|A PISS ON THE CHEEK|
By Walker Thomas My escape took me as far as Tucson, where I ditched the car and volunteered for the draft. I bussed to El Paso for basic training at Fort Bliss. A grandfatherly major gave us forms and a pep talk.
“Boys, you’re men now. Time to realize that Mom and Dad won’t always be there to decide what you should do. From this moment on, you’ll make all the important decisions in your lives. It starts when you fill these out.”
Maybe the rest were boys. I knew the major’s mind and I was with him all the way.
I filled out tax forms, insurance forms —all the forms, except a prepared letter like I’d seen on the back of cereal boxes at the boys’ camp where I’d been a counselor. It announced my pleasure at having been called to duty, along with my promise to write home every week and an invitation for parents to attend my graduation from basic training. We were to add Moms’ and Dads’ addresses for a clerk to put on an envelope, and our Fort Bliss barracks addresses for parents to write back. I pushed that form aside. I’d driven across the country to be done with Mom and Dad, and the Army would be the last step in sloughing them off like old skin.
And then, an officer called my name out of all the others in a roomful of newly acknowledged men. I snapped to attention and gave my best salute.
“Yes, Sir!” I said.
He resumed his grandfatherly tone. “Son, we can see you’re excited to be in the Army and we appreciate that.
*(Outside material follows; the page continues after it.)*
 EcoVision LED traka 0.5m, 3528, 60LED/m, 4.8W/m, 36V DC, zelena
Oversights are usually frowned upon, but we’ll make an exception in this case. You’ve forgotten to fill out one of the forms.”
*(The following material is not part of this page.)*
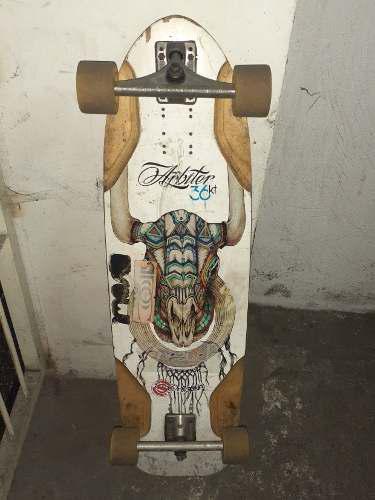 Longboard Arbiter 36 Kt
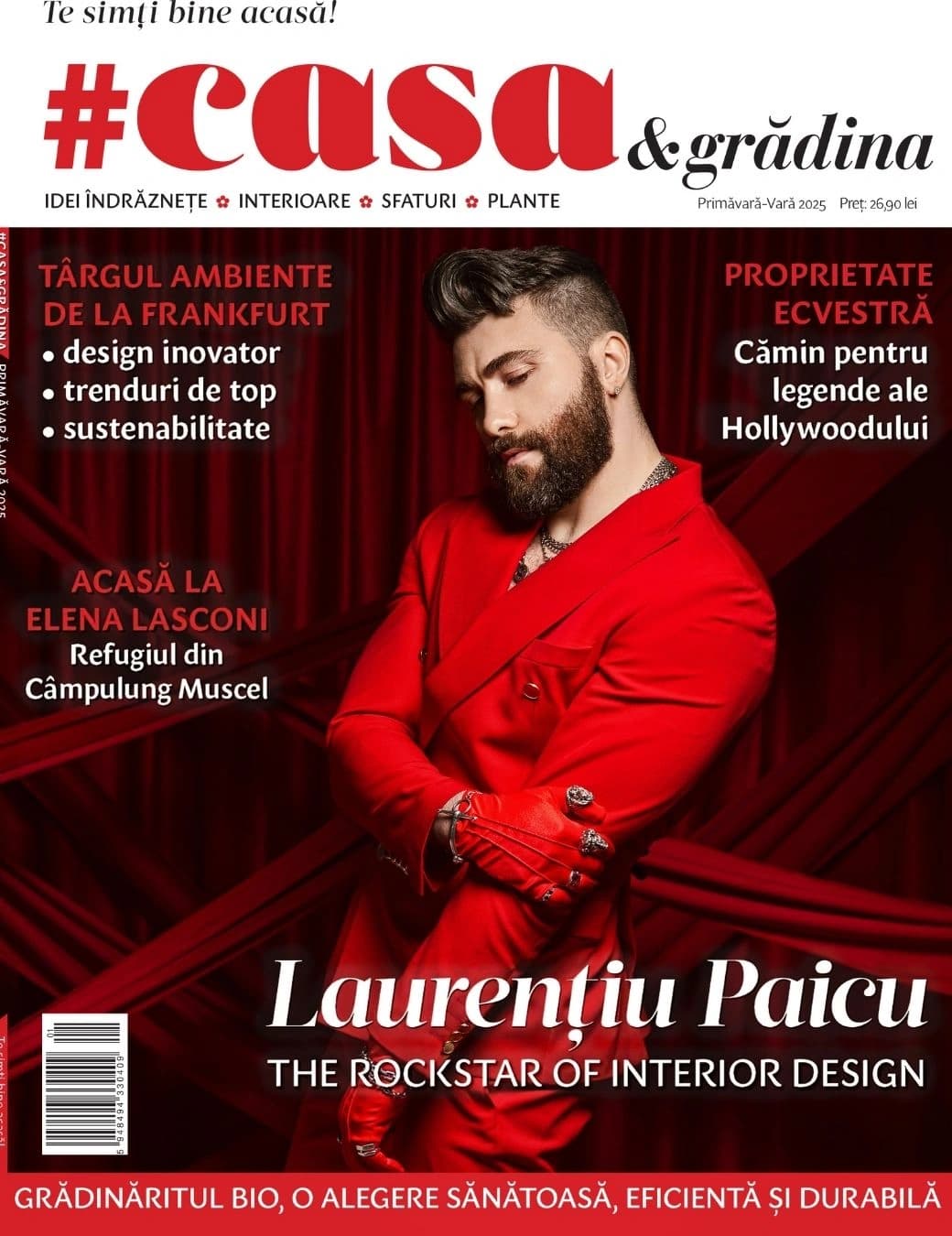 CASA si GRADINA 2025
“Sir, was that the DD-XXX?”
“Why, yes it was.”
“That wasn’t an oversight, Sir. I chose not to fill that one out. Thank you, Sir.”
I sat down, pleased with the rapport so soon established with a ranking man.
“Who is this man’s commanding officer?” the major bellowed.
Capt. Thomas called out from the back of the room. “I am, Sir.”
“Capt. Thomas, take this man out of here. Do whatever you think appropriate. If you decide on courts martial, I’ll sign off on it.”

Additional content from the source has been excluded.